As you can see, the data (blue points) are spread out over a diagonal surface. With SVD we are able to find three vectors that are orthogonal to each other, and that span the space of the data. They also make intuitively the most sense; the red vector covers more of the data than the X or Y axis does.

We can take the first two eigenvectors and project the data onto them

In [None]:
W2 = Vt.T[:, :2]
X2D_svd = X_centered.dot(W2)
X2D_svd.shape

Lets visualize the result

In [None]:
import seaborn as sns

sns.scatterplot(x=X2D_svd[:, 0], y=X2D_svd[:, 1])

As you can see, this is a nice way to "project" the data onto a lower dimension (in this case, from 3D to 2D) while retaining most of the information. This is the basis of PCA.
Now, PCA with two components should give the same result:

In [None]:
from sklearn.decomposition import PCA

pca = PCA(n_components=2)
X2D = pca.fit_transform(X)
sns.scatterplot(x=X2D[:, 0], y=X2D[:, 1])
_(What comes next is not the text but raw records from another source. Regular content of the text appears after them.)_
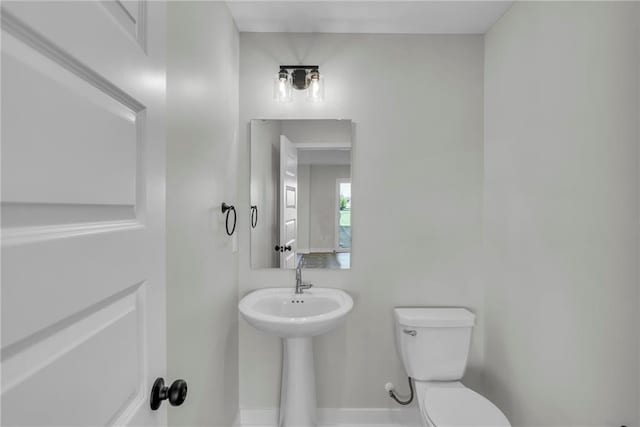 bathroom featuring toilet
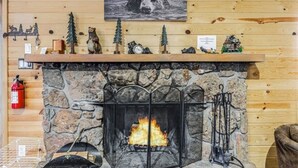 A stone fireplace with a fire, surrounded by wooden walls and a bear-themed decor.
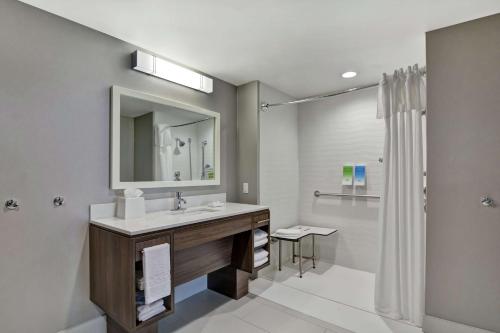a bathroom with a sink and a shower at Home2 Suites By Hilton Springdale in Springdale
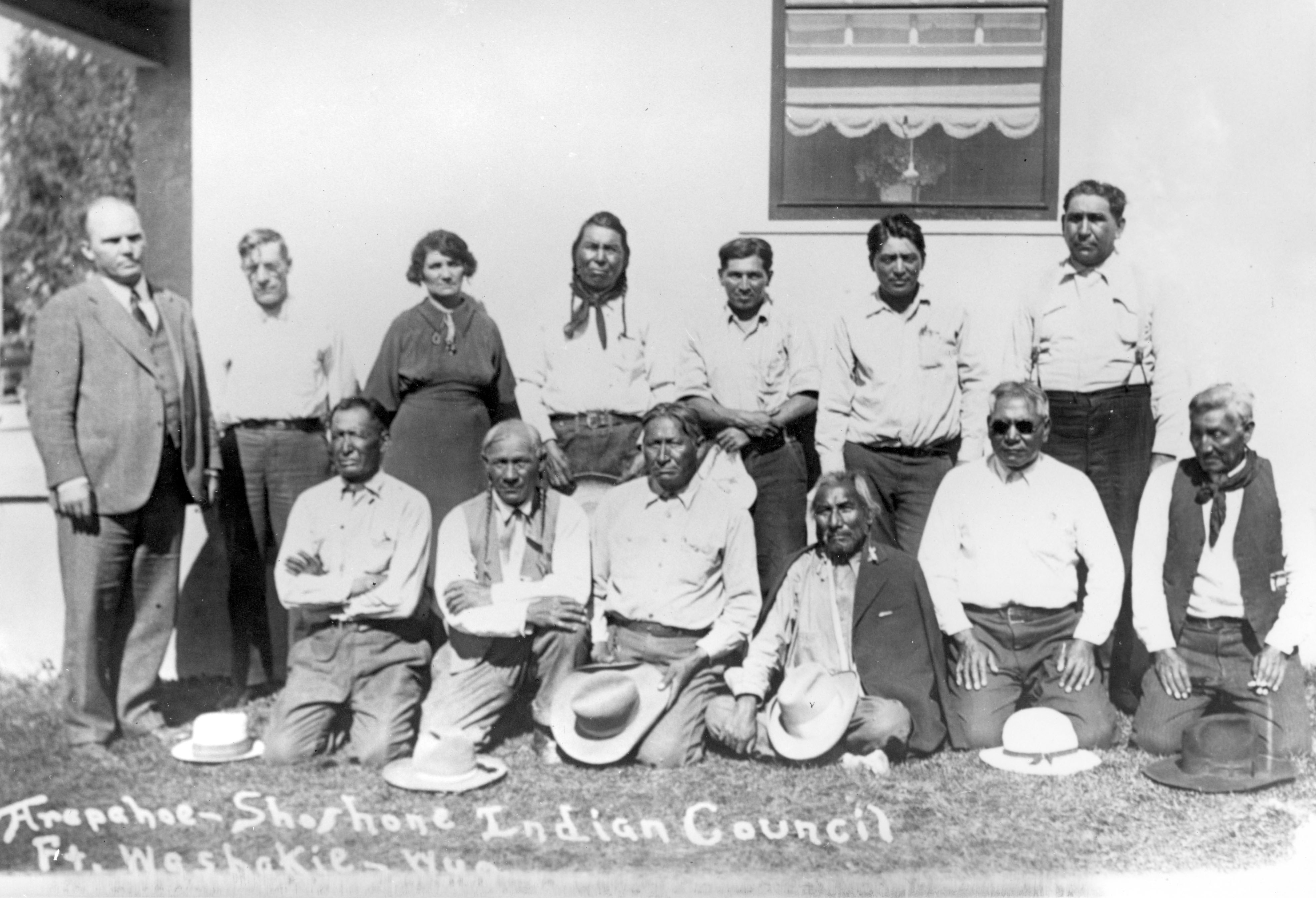 Two rows of people, the front row kneeling and the back row standing, with one woman standing in the back row.  The photograph is labeled Ft. Washakie Wyo.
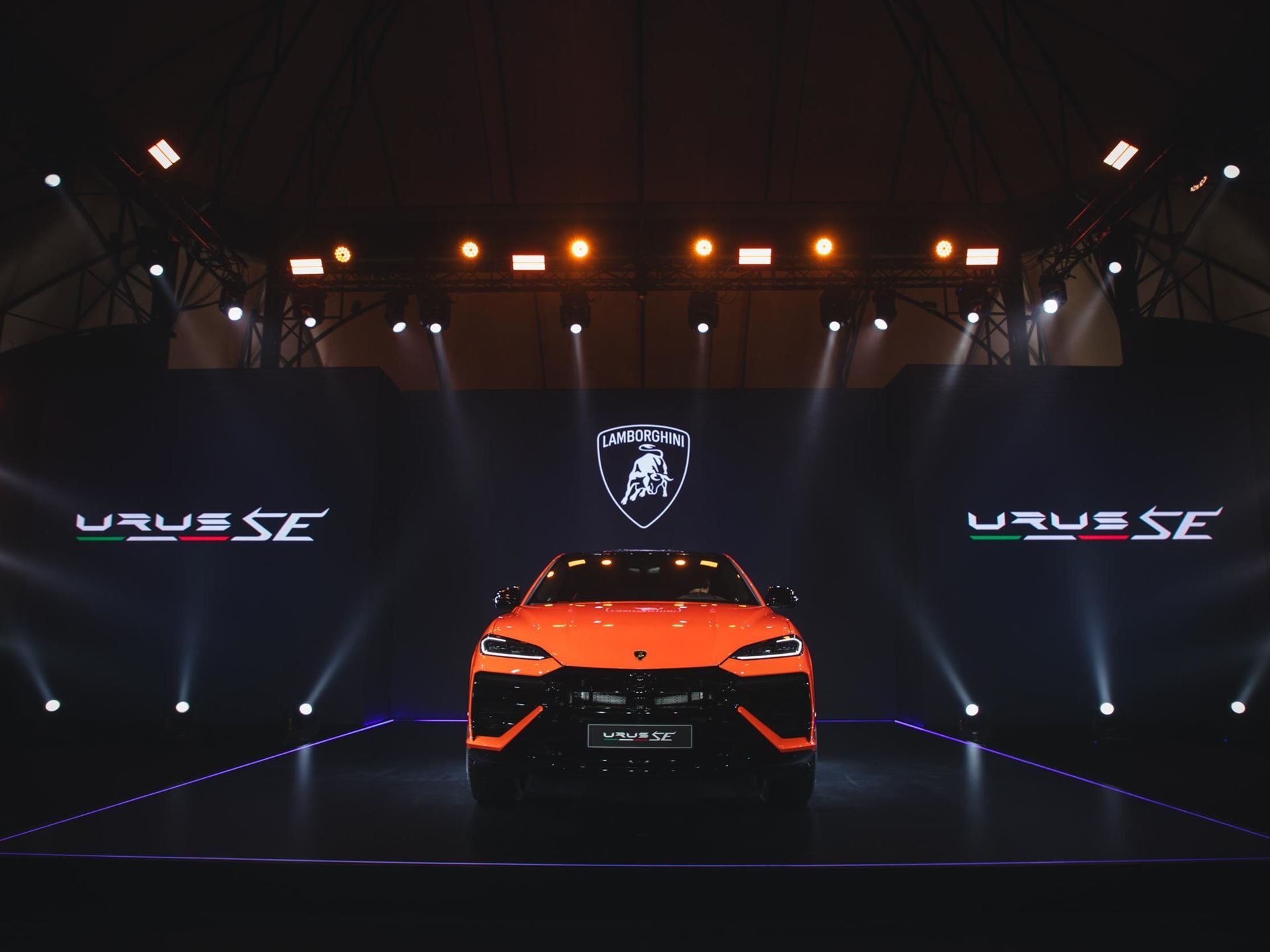 Lamborghini Brings The 800 Cv Urus Se To Bangkok, Pairing Plug-In Hybrid Power With Southeast Asian Ambition 3 Orange lamborghini urus se on stage at the bangkok launch event with lamborghini branding and urus se text on screens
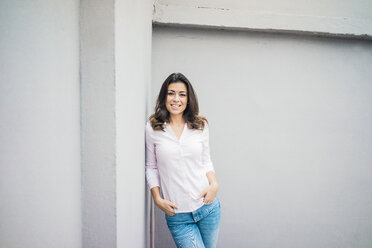 Portrait of laughing young woman leaning against wall - MOEF00481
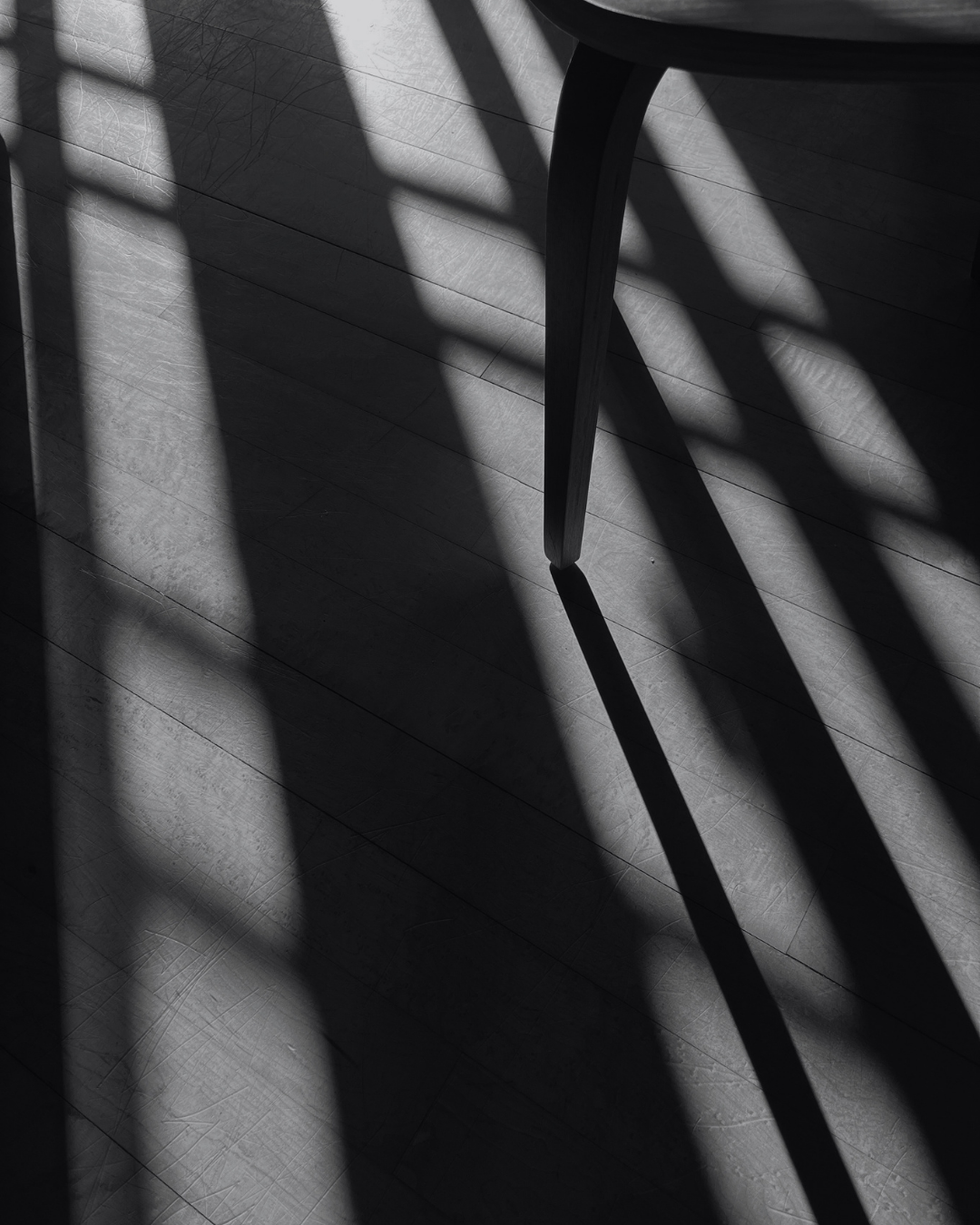 Black and white photo of sunlight casting shadows of a chair's slats onto a wooden floor, with a chair leg visible.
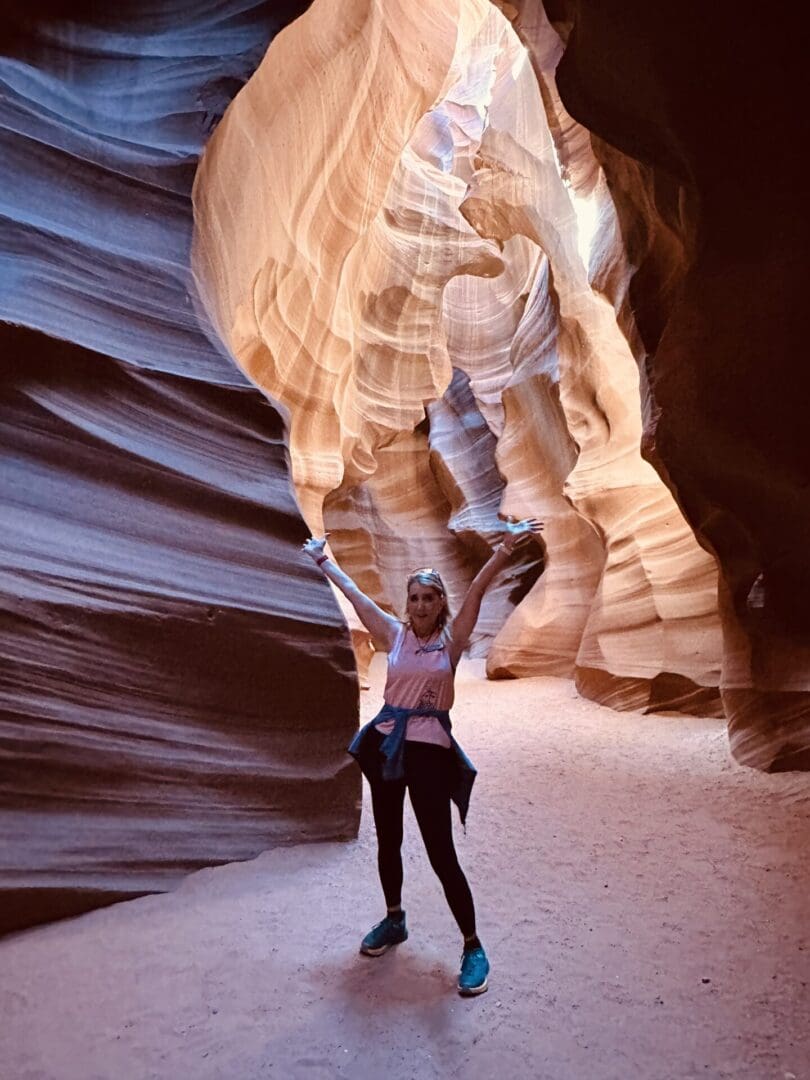 A woman standing in the middle of a cave.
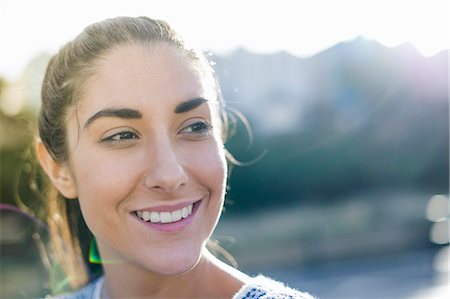 portrait sunshine happy - Portrait of young woman looking away, smiling Stock Photo - Premium Royalty-Free, Code: 649-07279678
Even though the y-axis is sometimes flipped, the data is the same

In [None]:
np.allclose(X2D_svd, X2D), np.allclose(X2D_svd, -X2D)

We can look up the explained variance ratio

In [None]:
pca.explained_variance_ratio_

This means the first variable explains 84% of the variance, the second one an additional 14%, such that just two dimensions explain 98% of the variance!

This is something we can also calculate from the SVD, by taking the square of the singular values, and dividing by the sum of the squares of the singular values

In [None]:
np.square(s) / np.sum(np.square(s))

# The Swiss roll
Let's have a look at a synthetic dataset known as the swiss roll

In [None]:
from sklearn.datasets import make_swiss_roll

X, t = make_swiss_roll(n_samples=1000, noise=0.2, random_state=42)
fig = plt.figure(figsize=(8, 8))
ax = fig.add_subplot(111, projection="3d")
ax.scatter(X[:, 0], X[:, 1], X[:, 2], c=t, cmap=plt.cm.hot)
ax.view_init(10, -70)
ax.set_title("Swiss Roll Dataset")

And run PCA on it

In [None]:
pca = PCA(n_components=2)
X2D = pca.fit_transform(X)
sns.scatterplot(x=X2D[:, 0], y=X2D[:, 1], hue=t, palette=plt.cm.hot)

Now, lets try t-SNE to visualize

In [None]:
from sklearn.manifold import TSNE

tsne = TSNE(n_components=2, random_state=42)
X2D = tsne.fit_transform(X)
sns.scatterplot(x=X2D[:, 0], y=X2D[:, 1], hue=t, palette=plt.cm.hot)

It's pretty different! But the real value of t-SNE is that it can be used to visualize high-dimensional data, where the manifold is very complex and non-linear.

First, download the data

In [None]:
from sklearn.datasets import fetch_openml
from pathlib import Path

cache = Path.home() / ".cache/mads_datasets"
if not cache.exists():
    cache.mkdir(parents=True)


mnist = fetch_openml("mnist_784", version=1, as_frame=False, data_home=str(cache))
mnist.target = mnist.target.astype(np.uint8)

In [None]:
from sklearn.model_selection import train_test_split

X = mnist["data"]
y = mnist["target"]

X_train, X_test, y_train, y_test = train_test_split(X, y)
X_train.shape, X_test.shape

We now have 52500 examples of handwritten digits in the traindata, each represented as a vector of 784 pixels (28x28 images flattened out), and 17500 examples in the testdata.

Lets visualize the first one:

In [None]:
img = X_train[0]
plt.imshow(img.reshape(28, 28), cmap="gray")

This is clearly an handwritten digit, and we represent it as a matrix in $\mathbb{R}^{28 \times 28}$, or as a vector in $\mathbb{R}^{784}$. Now, lets try to see what happens if we visualise the data in 2D with PCA.

In [None]:
pca = PCA(n_components=2)
X2D = pca.fit_transform(X_train)
sns.scatterplot(x=X2D[:, 0], y=X2D[:, 1], hue=y_train, palette="tab10")
X2D.shape

Okay, well, PCA does something, but it's not very useful in two dimensions... Now lets try t-SNE.

In [None]:
tsne = TSNE(n_components=2, random_state=42)
X2D = tsne.fit_transform(X_train)
sns.scatterplot(x=X2D[:, 0], y=X2D[:, 1], hue=y_train, palette="tab10")

It does take a lot longer, but the result is much much better for visualisation purposes!